Dora: Aprendi quase tudo com ele. Tive muita sorte, porque fui trabalhar com o Márcio do terceiro para o quarto ano da faculdade. Tive a experiência de trabalhar com alguém que tinha um amor enorme pela profissão. Claro, a advocacia criminal é tensa, exaustiva e demanda muito, mas, para ele, o exercício profissional era a razão de viver. O Márcio também sempre foi muito de delegar. Confiava no trabalho das pessoas. Sempre que eu estava com dúvidas ou medo, ele me perguntava o que deveríamos fazer. Eu dizia, e ele sempre respondia: 'Acho ótimo! Pode ir lá, e volta com o problema resolvido'.

Universa: O procurador federal Hélio Telha, do MPF (Ministério Público Federal), chegou a dizer, referindo à defesa de Odebrecht, que você devia desculpas ao Brasil. Como encarou isso?

Dora: Infelizmente, acho que existe um esforço de tornar pessoal uma discussão que deveria ser respeitosa do papel que cada um desenvolve nessa mecânica da Justiça. Hoje, isso está um pouco abalado nos casos de criminalidade econômica, nesses que a gente assiste. Pela essência do nosso processo, temos a figura do juiz no meio, equidistante, a defesa, representando os interesses do acusado, e a acusação, que, em tese, representa o fiscal da lei. Nesses casos mais recentes, nos quais fui extremamente criticada, talvez minhas manifestações tenham sido lidas como um desafio ou pedido de briga, mas não é isso.

Universa: Você acha que existe muito machismo no meio judiciário?

Dora: Na área criminal, ainda estamos derrubando barreiras. Tive muita sorte por ter tido a escola do Márcio [Thomaz Bastos] e ter aprendido em um escritório pequeno.

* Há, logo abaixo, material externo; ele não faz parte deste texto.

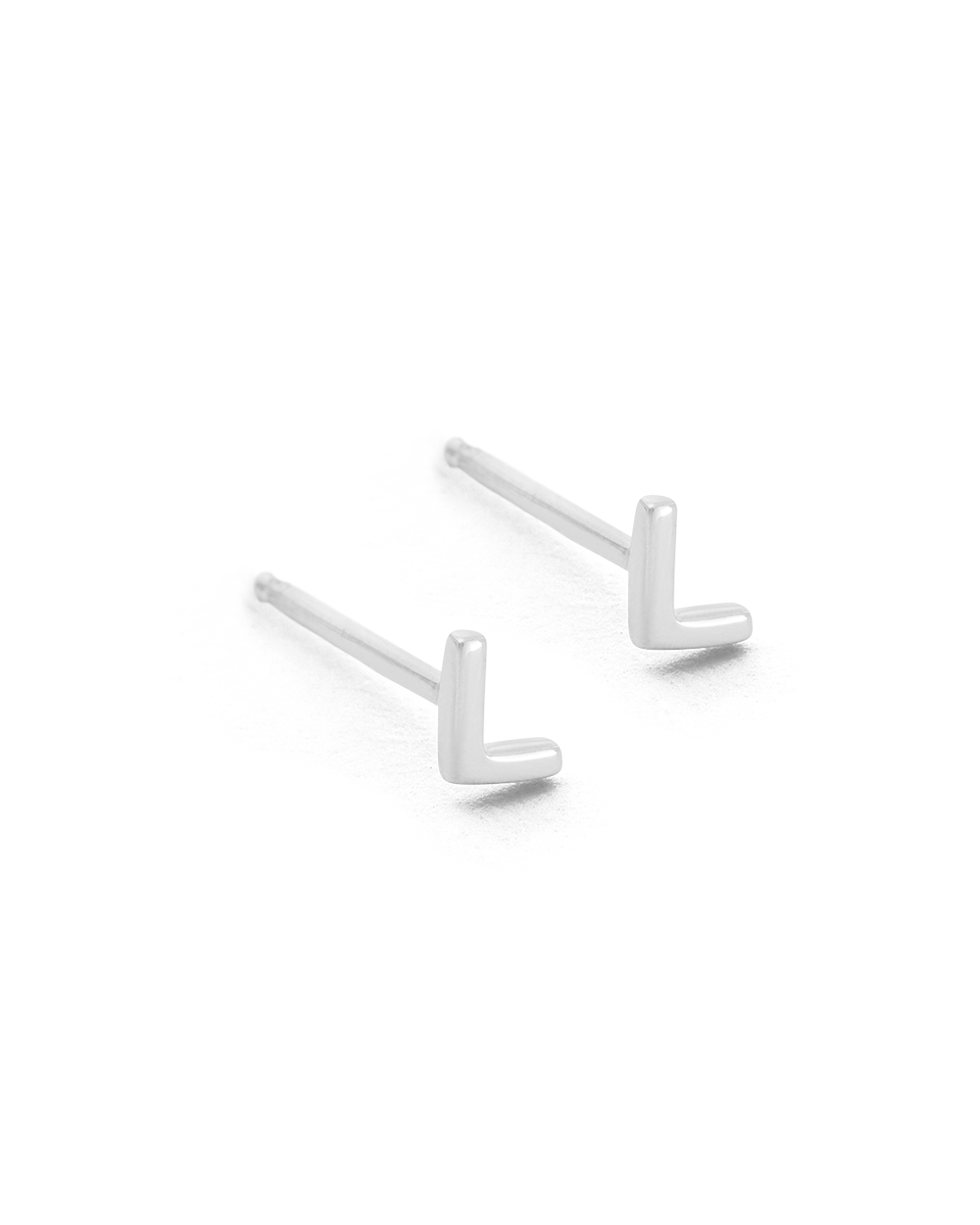 INITIAL EARRINGS (STERLING SILVER)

Fiquei em uma bolha, protegida. Milito na área criminal há 25 anos e tenho um diálogo franco e direto com os meus colegas, mas o fato é que, na hora do vamos ver --de um julgamento importante, da composição dos tribunais--, você ainda sente uma diferença. Sempre são menos mulheres do que homens nesses ambientes e, muitas vezes, a mulher é vista como a segunda pessoa da causa, está fazendo o trabalho, mas ainda não está no processo decisório. Acho que isso tende a mudar. Dos 20 alunos que selecionamos para o Inoccence, 15 são meninas.

Universa: Existe alguma causa com a qual você não trabalharia por questões pessoais?

Dora: Tenho forte convicção no predicado de que todo mundo tem direito à defesa. Não tenho um hall em que eu diga 'nessa causa, não trabalho', mas tem causas em que tenho mais dificuldade. A gente tem de reconhecer as próprias limitações. Sou mãe de dois adolescentes. Para mim, por exemplo, trabalhar em casos de tráfico é dificílimo. Tenho uma resistência pessoal muito grande. A acusação pode ser a mais escabrosa possível, mas o meu trabalho parte do princípio de que não necessariamente o que está sendo dito no momento inicial é a verdade sobre aquele caso. Muita gente pensa que a advocacia criminal é pesada, mas ela tem um aspecto bonito, de aprender a olhar para os casos tentando enxergar um lado humano, de compreensão e tolerância. Isso é uma nota positiva no fim do dia.